EXERCISE DATA:
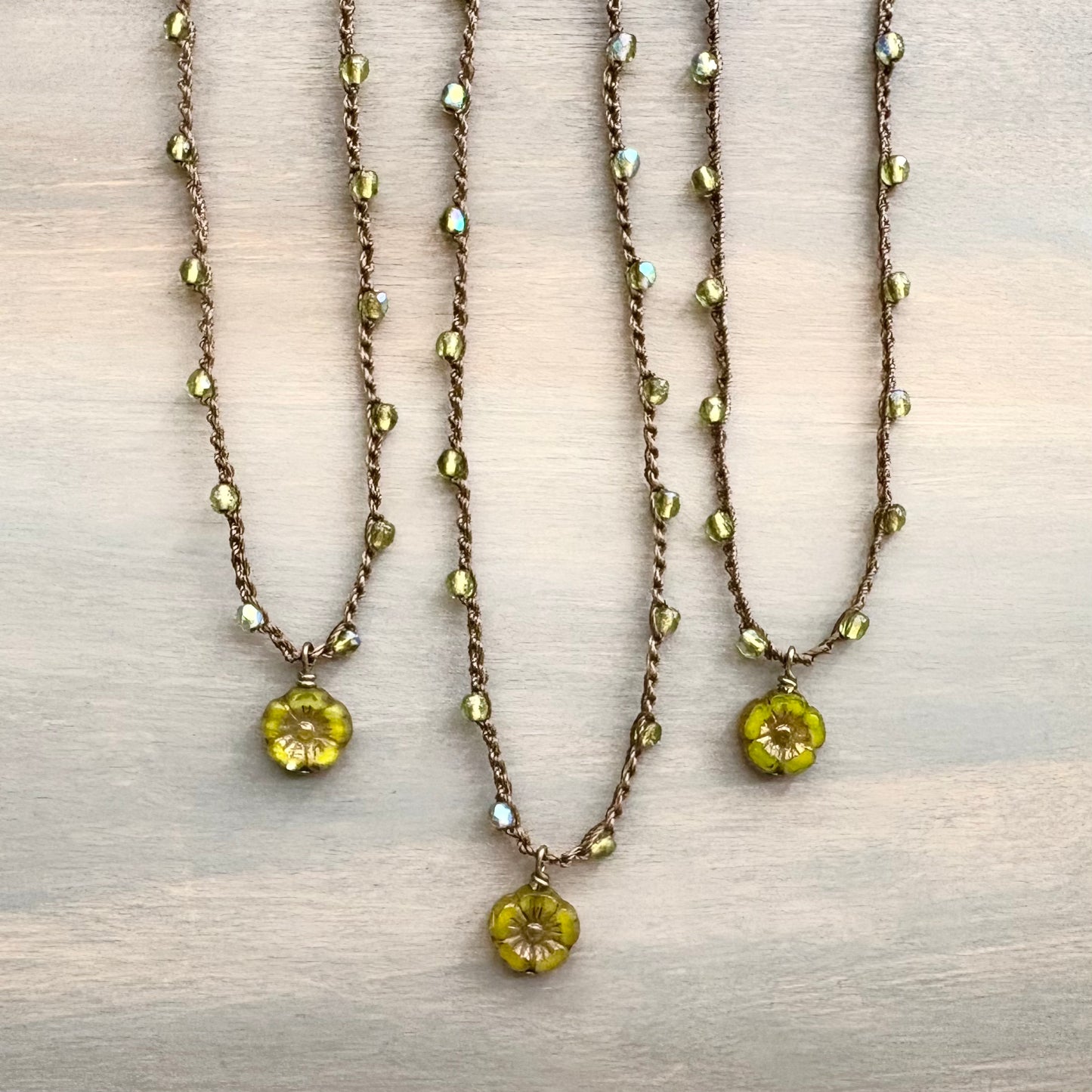 Sweet Olivine Pressed Glass Crystal Flower Crocheted Necklace
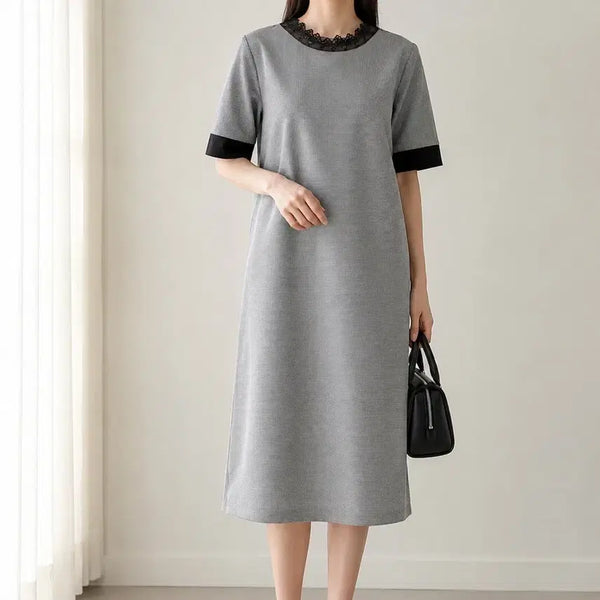 [BUNJANG] IZABABA Seersucker Short Sleeve Dress / [95]아이잗바바 시어서커 반팔 원피스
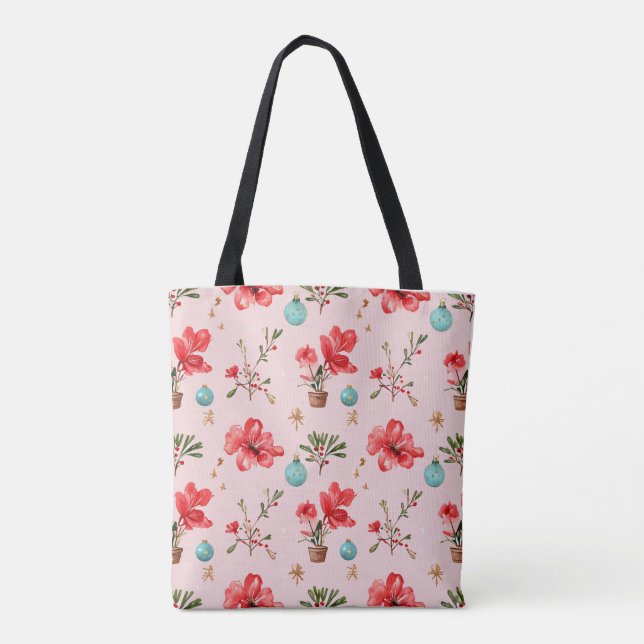 Bolso De Tela Patrón navidad Con Flores, Mistletoe (Reverso)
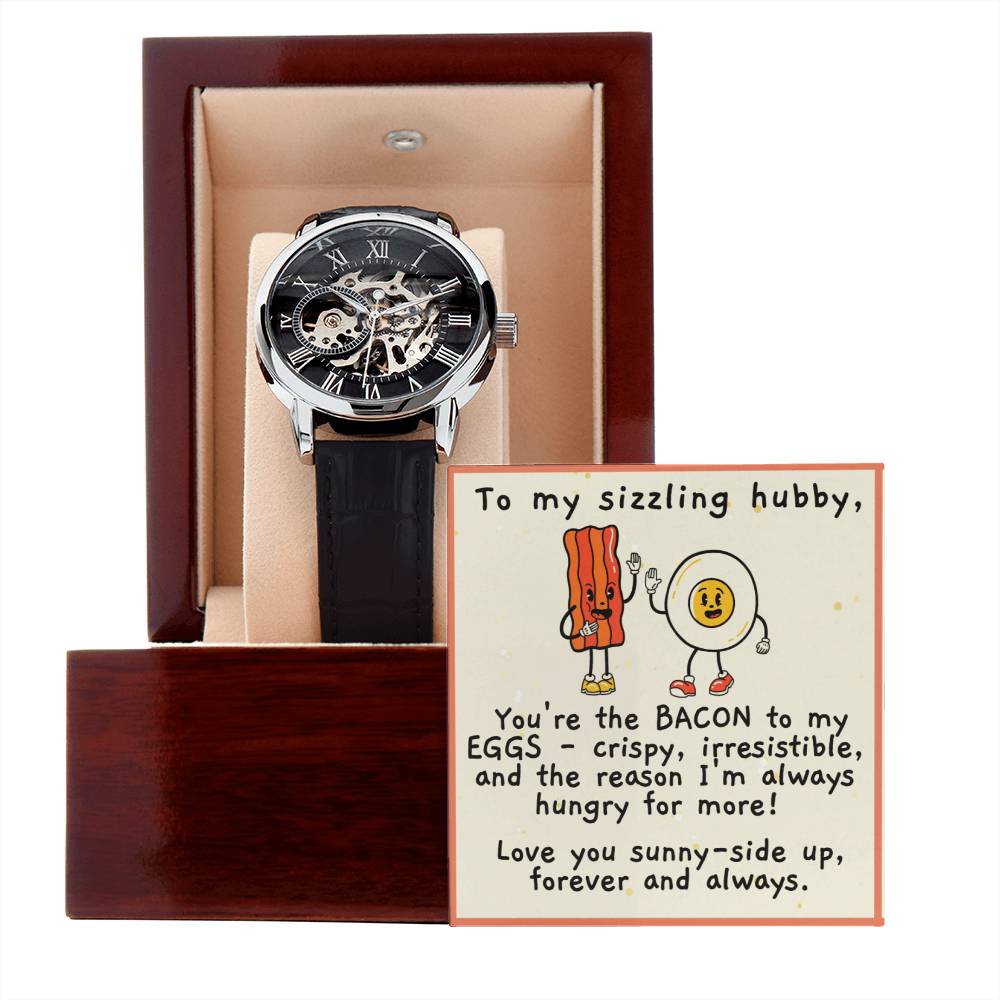 Skeleton Watch with Funny Message for Hubby | Perfect Anniversary or Birthday Gift for Husband | To My Sizzling Hubby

TASK DESCRIPTION:
Give the material again exactly as it is, but keep the pictures out.

FINAL ANSWER:
 Sweet Olivine Pressed Glass Crystal Flower Crocheted Necklace
 [BUNJANG] IZABABA Seersucker Short Sleeve Dress / [95]아이잗바바 시어서커 반팔 원피스
 Bolso De Tela Patrón navidad Con Flores, Mistletoe (Reverso)
 Skeleton Watch with Funny Message for Hubby | Perfect Anniversary or Birthday Gift for Husband | To My Sizzling Hubby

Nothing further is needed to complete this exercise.